15 January 2018
Year 12 history students have recently led the way in showing how we can use the power of words to change the world for the better. A group of eleven students have collaborated with students from Hampton School to produce a digital textbook entitled ‘Genocide: Know more’. The textbook, which is free to download, aims to provide an introduction to some of the genocides that have taken place in the twentieth and twenty-first centuries. It also shares the personal stories of four genocide survivors: Ruth Barnett, a Holocaust survivor; Kemal Pervanic, a survivor of the Bosnian genocide; Sokphal Din, a survivor of the Cambodian genocide and Sophie Masereka, a survivor of the Rwandan genocide. The book has received wide acclaim since its release and will be used as a teaching tool in many schools and educational institutions across Europe and the USA. We hope that by raising awareness of certain patterns in the causes and course of genocide we will help to make genocide easier to stop in the future.
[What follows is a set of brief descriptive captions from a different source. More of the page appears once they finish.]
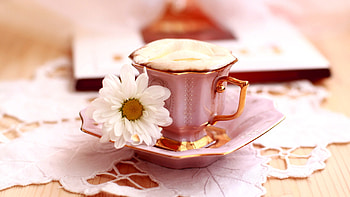 Pink teacup and, Saucer food coffee, Flowers cup HD wallpaper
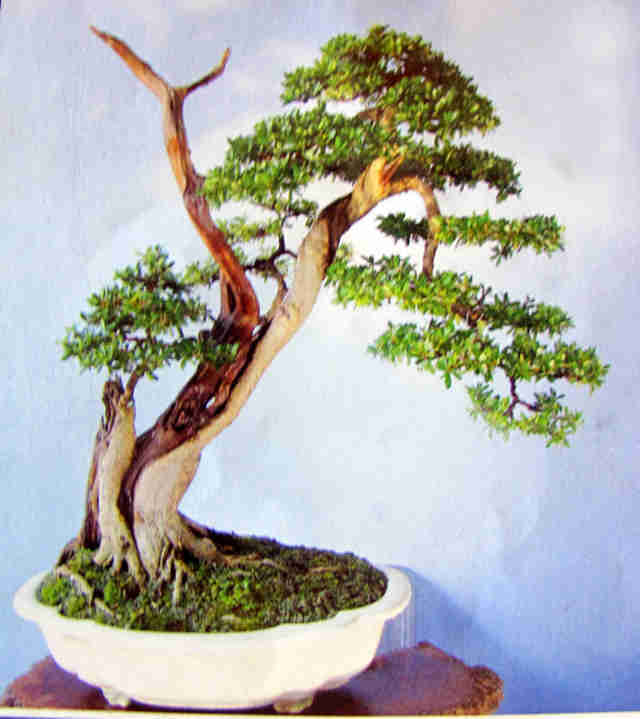 Cây cảnh nghệ thuật bonsai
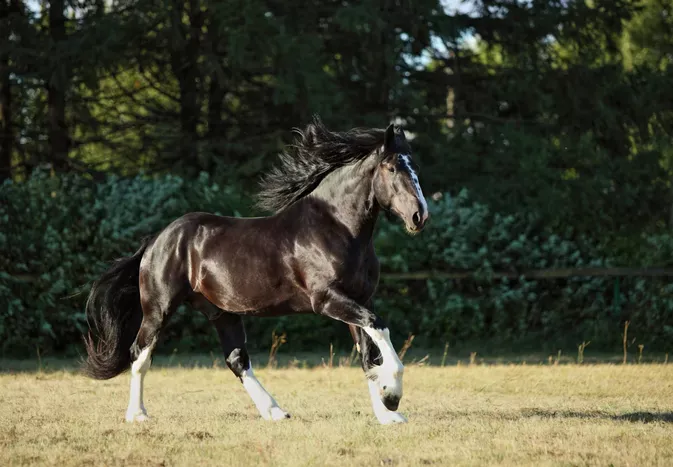 Shire Horse: Breed Profile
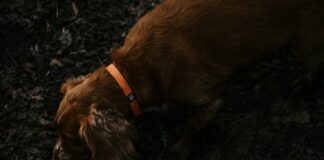 One Small Dog Rescued In Hollywood Hills Fire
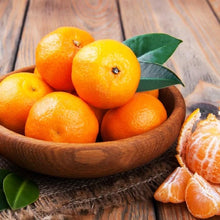 Orange Seeds (Citrus sinensis) for growers planting the Orchard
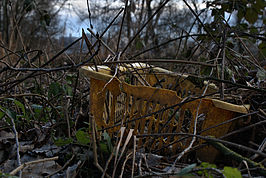Bernhard Saalfeld - DSC05308 -1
Alongside their involvement in researching and writing the book, ten students also traveled to London to present the e-book to several influential people. They met with representatives from the Imperial War Museum, the Holocaust Memorial Fund team at the Cabinet Office and finally spoke to Lord Bourne in his Westminster Office alongside the four genocide survivors whose stories are featured in the book. They spoke eloquently and persuasively about the need to educate about genocide and to ensure that governments and institutions act to prevent such atrocities in the future.
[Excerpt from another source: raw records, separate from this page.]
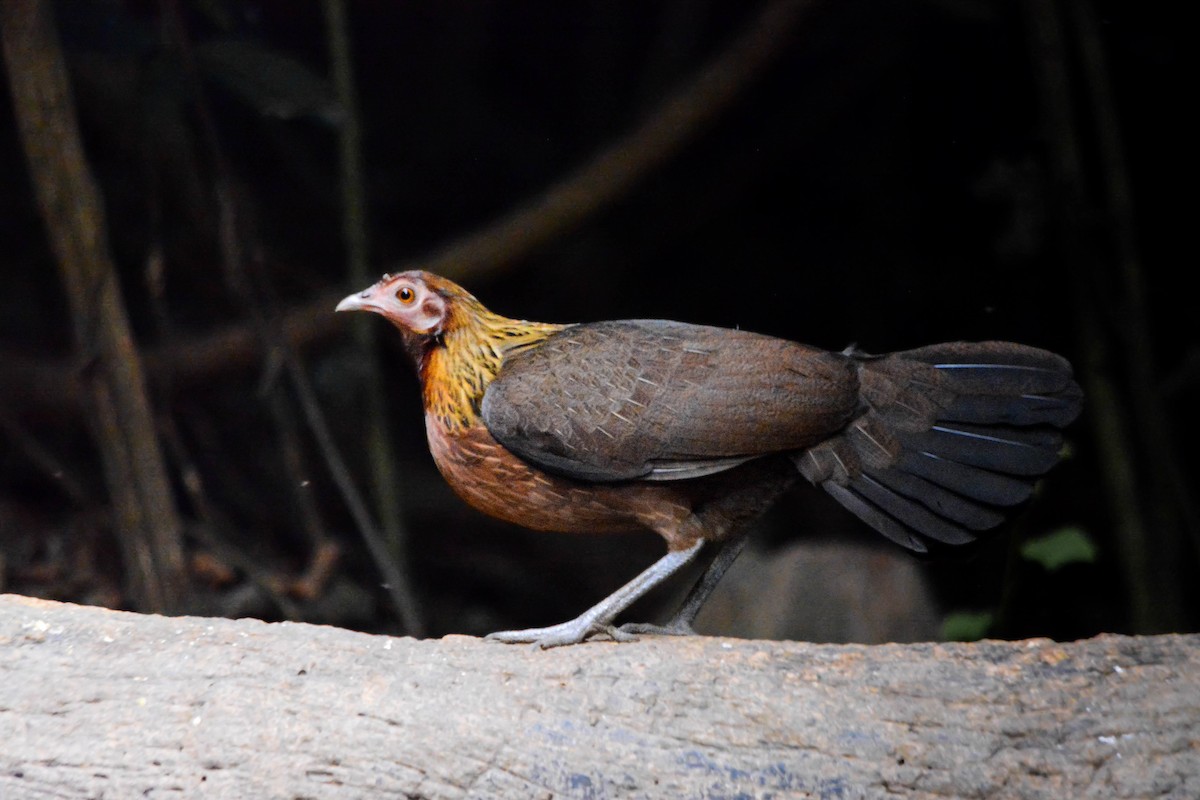 セキショクヤケイ - ML644370081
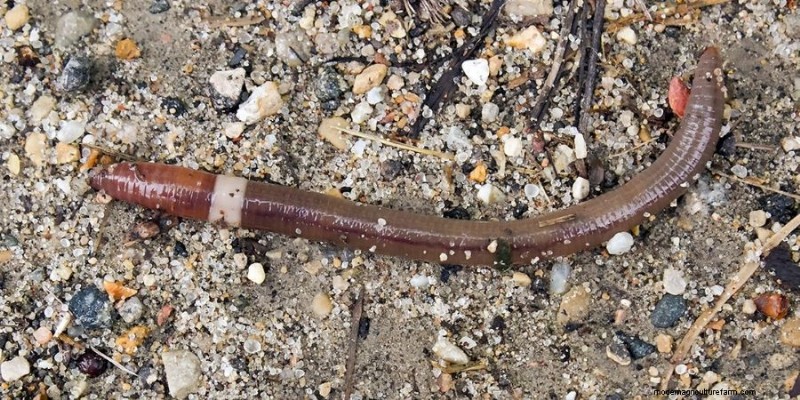 Earthworms: The Key to Healthy Soil & Thriving Gardens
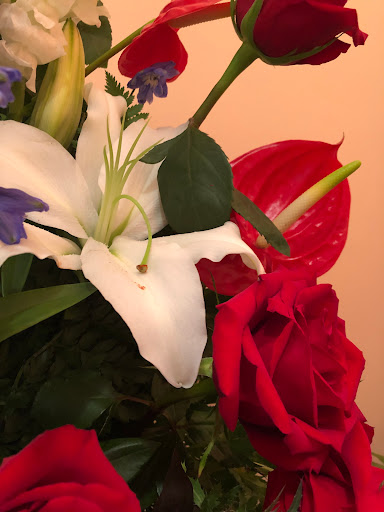 Florist «Mockingbird Lane Florist», reviews and photos, 5606 E Mockingbird Ln, Dallas, TX 75206, USA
We will be building on this work this term through the creation of a genocide and human rights awareness group who will be working with Hampton School to contact seventy influential people in the UK in order and young people in seventy countries across the world in order to commemorate the seventieth anniversary of the genocide convention. Year twelve students are also taking part in the Lessons from Auschwitz project and Remembering Srebrenica’s Young Leaders in Schools Programmes, and both groups will be sharing their experiences and learning with their peers in school.
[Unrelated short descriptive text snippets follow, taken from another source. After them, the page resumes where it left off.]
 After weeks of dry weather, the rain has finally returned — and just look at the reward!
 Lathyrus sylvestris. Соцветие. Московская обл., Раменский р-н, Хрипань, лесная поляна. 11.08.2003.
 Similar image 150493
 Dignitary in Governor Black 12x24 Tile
Perhaps the final word should go to historian, Dan Snow who wrote the foreword to the students’ book:
History is a warning. We study it because it tells us about what we humans are capable of and allows us to absorb lessons without having to experience the horrors of violence, famine or economic upheaval first hand. If we understand these things, we perhaps have a slightly greater chance of avoiding the mistakes of our forebears. There is no bigger lesson from history than genocide. The young authors have created something remarkable. Their energy and commitment is an inspiration. They do not want to let the memory of genocide fade because they know that awareness is part of prevention. They have run workshops for young people from diverse backgrounds, they have recorded the memories of some of the people who now live in the UK but who were caught up in genocidal spasms from Europe to Africa and Asia, and now they have written this book. It is a huge achievement. These young people have reminded the rest of us of the true purpose of history. We must remember, because when we forget, we repeat.
Congratulations to Leoni, Ella, Grace, Elizabeth, Caitlin, Maisie, Rachel, Isabel, Ashton, Rosie and Beatrice.